The Oxford Companion to Spirits and Cocktails

Morris, Victor Vaughan


Morris, Victor Vaughan (1873–1929), popularly known as Vic Morris, operated Morris’ Bar in downtown Lima, Peru, from 1916 until his death. He is widely credited with creating and popularizing the Pisco Sour.

Born in Salt Lake City, Utah, Morris was a member of a Mormon Church founding family. He operated a flower shop with his brother, Burton, who was shot to death in 1899. Burton’s death and the negative outcome of the murder trial that followed significantly affected Victor. In 1903, he left Salt Lake City to take a clerical job with the Cerro de Pasco Railroad Company, which was building a railway to a 14,000-feet-high copper mine in the Peruvian Andes. He worked there until 1916.

Morris relocated then to Lima and opened the Morris’ Bar at 847 Calle Boza Street, in the heart of the city’s modern business district. There he made the Pisco Sour famous in Lima and soon, through the many foreign travelers who visited his bar, worldwide. A recipe for a drink that was the Pisco Sour in everything but name was already circulating in Lima in 1903; however, it is equally possible that Morris came up with his version independently, adapting the standard American Sour formula to the prevailing local spirit. See sour.

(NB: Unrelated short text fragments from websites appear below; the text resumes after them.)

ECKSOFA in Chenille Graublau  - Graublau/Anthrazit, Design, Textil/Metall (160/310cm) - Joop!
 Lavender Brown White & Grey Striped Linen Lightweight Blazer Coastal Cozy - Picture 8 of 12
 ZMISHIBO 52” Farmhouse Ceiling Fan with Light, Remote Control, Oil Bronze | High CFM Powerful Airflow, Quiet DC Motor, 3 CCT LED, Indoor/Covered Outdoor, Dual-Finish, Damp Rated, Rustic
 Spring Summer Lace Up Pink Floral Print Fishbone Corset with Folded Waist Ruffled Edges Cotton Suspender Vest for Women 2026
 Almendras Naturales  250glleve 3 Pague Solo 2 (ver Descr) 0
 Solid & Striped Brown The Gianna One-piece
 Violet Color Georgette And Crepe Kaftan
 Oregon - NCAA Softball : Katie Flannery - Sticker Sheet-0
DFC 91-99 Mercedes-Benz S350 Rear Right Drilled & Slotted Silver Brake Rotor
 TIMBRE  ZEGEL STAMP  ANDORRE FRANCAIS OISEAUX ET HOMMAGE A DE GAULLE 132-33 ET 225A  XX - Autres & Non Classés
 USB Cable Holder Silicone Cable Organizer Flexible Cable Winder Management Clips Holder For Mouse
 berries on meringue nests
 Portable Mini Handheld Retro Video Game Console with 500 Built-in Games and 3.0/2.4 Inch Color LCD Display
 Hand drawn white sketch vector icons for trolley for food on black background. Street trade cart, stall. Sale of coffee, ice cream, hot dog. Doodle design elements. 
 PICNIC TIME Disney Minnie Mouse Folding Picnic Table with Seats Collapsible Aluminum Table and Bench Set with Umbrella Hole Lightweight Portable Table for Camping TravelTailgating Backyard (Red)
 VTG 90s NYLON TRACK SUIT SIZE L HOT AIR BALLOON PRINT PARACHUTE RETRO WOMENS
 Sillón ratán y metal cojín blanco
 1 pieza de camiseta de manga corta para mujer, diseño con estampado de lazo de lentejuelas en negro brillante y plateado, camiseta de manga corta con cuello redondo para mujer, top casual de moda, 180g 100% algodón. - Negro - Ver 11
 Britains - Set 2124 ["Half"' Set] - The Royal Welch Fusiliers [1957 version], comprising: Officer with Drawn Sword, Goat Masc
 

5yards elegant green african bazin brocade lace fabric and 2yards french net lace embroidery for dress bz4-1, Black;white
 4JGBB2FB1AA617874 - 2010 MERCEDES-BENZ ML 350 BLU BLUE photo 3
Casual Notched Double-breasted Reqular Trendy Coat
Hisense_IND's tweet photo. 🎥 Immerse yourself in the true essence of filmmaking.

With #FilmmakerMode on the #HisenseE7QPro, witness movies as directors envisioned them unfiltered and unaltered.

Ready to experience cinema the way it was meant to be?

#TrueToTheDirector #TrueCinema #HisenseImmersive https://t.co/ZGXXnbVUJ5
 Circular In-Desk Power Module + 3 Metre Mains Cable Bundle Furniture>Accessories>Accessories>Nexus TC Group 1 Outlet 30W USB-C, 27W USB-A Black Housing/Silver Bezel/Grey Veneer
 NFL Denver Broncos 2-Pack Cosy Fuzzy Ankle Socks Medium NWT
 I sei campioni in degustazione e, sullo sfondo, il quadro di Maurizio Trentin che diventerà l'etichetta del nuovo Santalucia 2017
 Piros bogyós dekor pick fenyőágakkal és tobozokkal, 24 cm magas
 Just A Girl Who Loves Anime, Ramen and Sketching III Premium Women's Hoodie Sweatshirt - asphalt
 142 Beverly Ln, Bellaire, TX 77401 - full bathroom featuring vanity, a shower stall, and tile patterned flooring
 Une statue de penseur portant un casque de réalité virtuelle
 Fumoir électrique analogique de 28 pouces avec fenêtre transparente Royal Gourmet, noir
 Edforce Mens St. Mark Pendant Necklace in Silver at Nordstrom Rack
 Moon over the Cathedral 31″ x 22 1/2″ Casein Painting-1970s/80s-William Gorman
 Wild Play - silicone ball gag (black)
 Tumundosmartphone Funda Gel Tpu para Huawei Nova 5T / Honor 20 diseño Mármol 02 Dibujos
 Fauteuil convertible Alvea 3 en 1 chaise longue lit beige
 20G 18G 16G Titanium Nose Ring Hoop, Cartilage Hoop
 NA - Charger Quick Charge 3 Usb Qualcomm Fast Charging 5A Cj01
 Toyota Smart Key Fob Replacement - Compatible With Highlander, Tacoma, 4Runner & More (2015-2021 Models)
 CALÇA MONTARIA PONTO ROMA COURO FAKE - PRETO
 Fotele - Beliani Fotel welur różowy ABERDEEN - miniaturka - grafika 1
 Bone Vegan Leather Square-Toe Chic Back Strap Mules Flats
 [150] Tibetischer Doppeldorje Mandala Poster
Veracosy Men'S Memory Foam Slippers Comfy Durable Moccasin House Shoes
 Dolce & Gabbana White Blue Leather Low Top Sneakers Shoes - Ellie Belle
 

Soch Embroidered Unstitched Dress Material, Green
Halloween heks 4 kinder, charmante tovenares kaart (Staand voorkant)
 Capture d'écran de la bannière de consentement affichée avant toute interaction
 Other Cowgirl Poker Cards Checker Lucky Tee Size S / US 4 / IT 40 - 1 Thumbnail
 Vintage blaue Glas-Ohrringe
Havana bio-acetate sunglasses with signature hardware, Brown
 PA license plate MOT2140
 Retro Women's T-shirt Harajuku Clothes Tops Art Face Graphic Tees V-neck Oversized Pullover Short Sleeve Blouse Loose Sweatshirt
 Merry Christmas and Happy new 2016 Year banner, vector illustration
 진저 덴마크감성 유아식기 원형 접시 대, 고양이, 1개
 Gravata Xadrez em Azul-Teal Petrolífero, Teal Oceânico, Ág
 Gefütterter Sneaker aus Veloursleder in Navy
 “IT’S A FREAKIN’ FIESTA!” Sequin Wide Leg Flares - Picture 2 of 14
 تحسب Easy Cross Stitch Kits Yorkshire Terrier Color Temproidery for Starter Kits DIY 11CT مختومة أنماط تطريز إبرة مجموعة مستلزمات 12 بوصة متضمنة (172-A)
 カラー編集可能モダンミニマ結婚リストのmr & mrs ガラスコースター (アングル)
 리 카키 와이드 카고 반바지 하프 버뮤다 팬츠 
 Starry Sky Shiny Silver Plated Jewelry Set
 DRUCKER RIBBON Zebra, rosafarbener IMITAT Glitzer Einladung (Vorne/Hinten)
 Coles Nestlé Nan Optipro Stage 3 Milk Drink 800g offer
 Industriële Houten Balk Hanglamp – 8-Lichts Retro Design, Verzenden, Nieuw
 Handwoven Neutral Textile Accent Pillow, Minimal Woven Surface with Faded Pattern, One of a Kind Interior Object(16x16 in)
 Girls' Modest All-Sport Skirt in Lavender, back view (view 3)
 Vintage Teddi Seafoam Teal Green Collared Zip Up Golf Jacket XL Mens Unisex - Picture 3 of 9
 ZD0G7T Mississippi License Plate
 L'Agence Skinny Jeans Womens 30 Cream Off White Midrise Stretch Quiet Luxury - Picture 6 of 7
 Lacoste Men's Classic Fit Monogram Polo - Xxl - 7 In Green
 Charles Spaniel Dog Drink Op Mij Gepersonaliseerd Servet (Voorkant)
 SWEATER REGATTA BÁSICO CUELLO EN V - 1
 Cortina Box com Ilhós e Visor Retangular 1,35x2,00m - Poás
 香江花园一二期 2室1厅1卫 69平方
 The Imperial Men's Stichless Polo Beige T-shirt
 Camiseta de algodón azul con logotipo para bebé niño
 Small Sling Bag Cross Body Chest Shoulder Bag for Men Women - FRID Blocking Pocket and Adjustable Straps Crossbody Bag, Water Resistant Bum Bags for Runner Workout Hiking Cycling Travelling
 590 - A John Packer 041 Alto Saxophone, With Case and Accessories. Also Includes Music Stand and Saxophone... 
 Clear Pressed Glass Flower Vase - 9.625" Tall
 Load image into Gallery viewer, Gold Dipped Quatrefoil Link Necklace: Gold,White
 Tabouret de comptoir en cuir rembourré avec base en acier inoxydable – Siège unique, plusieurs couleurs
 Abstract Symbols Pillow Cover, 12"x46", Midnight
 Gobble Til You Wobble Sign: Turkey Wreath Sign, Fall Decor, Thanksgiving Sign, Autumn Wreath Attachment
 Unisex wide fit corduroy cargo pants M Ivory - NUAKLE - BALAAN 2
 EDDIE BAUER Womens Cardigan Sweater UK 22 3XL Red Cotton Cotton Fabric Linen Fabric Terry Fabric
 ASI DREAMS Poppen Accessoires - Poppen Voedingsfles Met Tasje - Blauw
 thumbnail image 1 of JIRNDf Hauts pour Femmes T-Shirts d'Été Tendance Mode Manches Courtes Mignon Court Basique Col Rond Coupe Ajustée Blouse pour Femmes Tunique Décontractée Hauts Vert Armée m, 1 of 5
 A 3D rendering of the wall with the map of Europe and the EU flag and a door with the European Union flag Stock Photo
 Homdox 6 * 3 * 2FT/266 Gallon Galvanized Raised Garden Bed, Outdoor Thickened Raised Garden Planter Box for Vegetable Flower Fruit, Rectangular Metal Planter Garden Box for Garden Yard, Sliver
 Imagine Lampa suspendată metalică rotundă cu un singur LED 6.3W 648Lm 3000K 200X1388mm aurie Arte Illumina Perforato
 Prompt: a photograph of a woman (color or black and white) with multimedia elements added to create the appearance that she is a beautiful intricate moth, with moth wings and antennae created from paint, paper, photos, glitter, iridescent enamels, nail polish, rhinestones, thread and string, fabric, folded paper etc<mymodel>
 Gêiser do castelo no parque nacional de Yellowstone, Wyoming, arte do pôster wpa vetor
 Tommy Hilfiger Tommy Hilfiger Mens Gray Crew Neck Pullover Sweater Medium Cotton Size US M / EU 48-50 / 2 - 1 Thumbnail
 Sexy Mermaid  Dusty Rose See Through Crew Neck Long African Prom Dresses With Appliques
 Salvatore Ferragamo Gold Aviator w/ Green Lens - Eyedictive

Nonetheless, and even though his original Pisco Sour recipe varied slightly from the one prepared today, Morris is still regarded as its originator and the father of Peruvian mixology. He died in Lima from cirrhosis in 1929.

See also Pisco Sour.

“Farewell to …” Deseret Evening News (Salt Lake City), July 31, 1902.

“Joins Welby’s …” Salt Lake Herald, June 4, 1903.

Ledesma, S. E. Nuevo manual de cocina a la criolla: almuerzo. Lima: Ledesma, 1903.

Morris’ Bar Visitors’ Register, Morris family private collection.

Toro-Lira, Guillermo. History of Pisco in San Francisco: A Scrapbook of First Hand Accounts, Lima, Peru: Creatspace, 2010.